Firstly, a human person is the subject and never a mere object of society, and so “every expression of society must be directed towards the human person” (Compendium of the Social Doctrine of the Church, 106).
Unfortunately, not every person is conscious of this truth, leave alone respecting human dignity even by those who know it. In her role as prophet, the Church warns society against tendencies that risk distorting and violating this dignity of the human person. There are lessons from history.
“History attests that it is from the fabric of social relationships that arise some of the best possibilities for ennobling the human person, but it is also there that lie in wait the most loathsome rejections of human dignity” (CSDC, 107).
The human person’s position in society is compromised by sin that damages relationships—in particular, the social sin which is a structure of injustice that gives rise to forms of relationships contrary to the plan of God for human society.

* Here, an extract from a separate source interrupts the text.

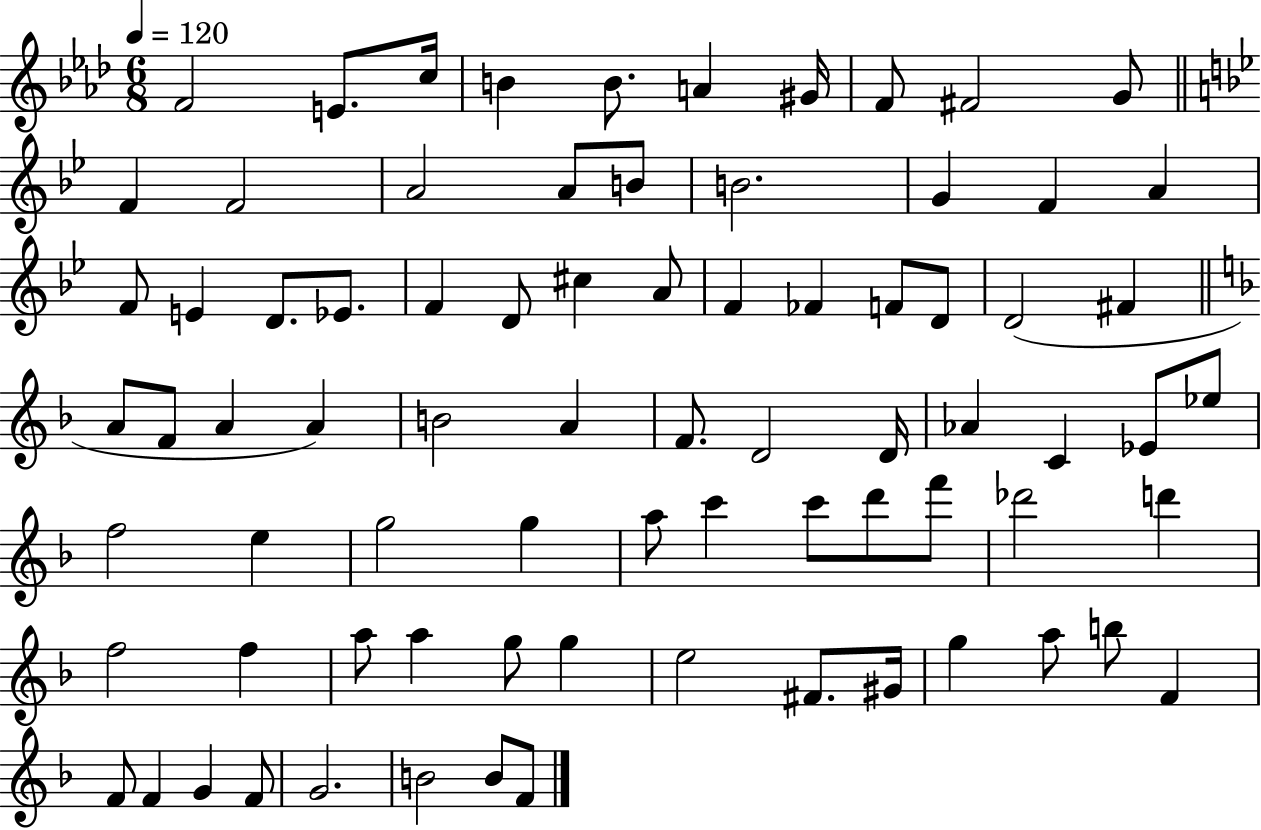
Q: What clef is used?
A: treble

God intends that there be peace, justice and freedom between individuals, groups and peoples. Such structures of sin risk polluting the entire world where injustice and all sorts of social evil are accepted as normal (CSDC, 119).
“Every political, economic, social, scientific and cultural programme must be inspired by the awareness of the primacy of each human being over society” (Catechism of the Catholic Church, 2235). Hence, a person cannot be reduced to a means for carrying out economic, social or political projects.
When we talk about rights, some people will think of declarations or legislations regarding human rights, countries that are signatory and those that are not. This betrays the mentality that human rights are a matter of human decision. Yet, promotion of human rights is nothing more than a mere recognition and response to the demands of the dignity that already properly belongs to a human person.
Of course, we cannot ignore the great revolution in the universal Declaration of Human Rights by United Nations on December 10, 1948, which is “a true milestone on the path of humanity’s moral progress”, as John Paul II told the UN general assembly in 1979.
However, it is also important to bear in mind what Pope John XXIII said in his 1963 encyclical Pacem in Terris: “The ultimate source of human rights is not found in the mere will of a human being, in the reality of the state, in public powers, but in man himself and in God his creator”. These rights are universal, inviolable, and inalienable.
A true recognition of a human person’s dignity and centrality should also take into account man’s deference to his Creator.
There are two errors to beware of: firstly, the tendency to absolutise man as if his life depended on himself, and secondly, to consider man as a simple tool whose value depends on his function in the system (CSDC 125).
The human person as corporeal is “linked to this world by his body, and he is a spiritual being open to transcendence and to the discovery of more penetrating truths of mind” (CSDC 129). Just like society can dehumanise a human person, one can also dehumanise oneself by forgetting one’s constitutive relation with God, “a relationship that exists in itself…The whole of man’s life is a quest and a search for God.
This relationship with God can be ignored or even forgotten or dismissed, but it can never be eliminated because the human person has a capacity for God.
Therefore the human person should use the things of the world without forgetting his fundamental relationship with God. As St Augustine puts it in his Confession: “You have made us for yourself, O Lord, and our hearts are restless until they rest in you.”
The dignity and rights that one expects others to respect oblige him with the same duty towards others. Hence, rights go with duty.
Here, I find no better words to conclude the article than the words of John XXIII in his Pacem in Terris: “In human society to one man’s rights there corresponds a duty in all other persons.” And he adds, “those, therefore, who claim their own rights, yet altogether forget or neglect to carry out their respective duties, are people who build with one hand and destroy with the other.”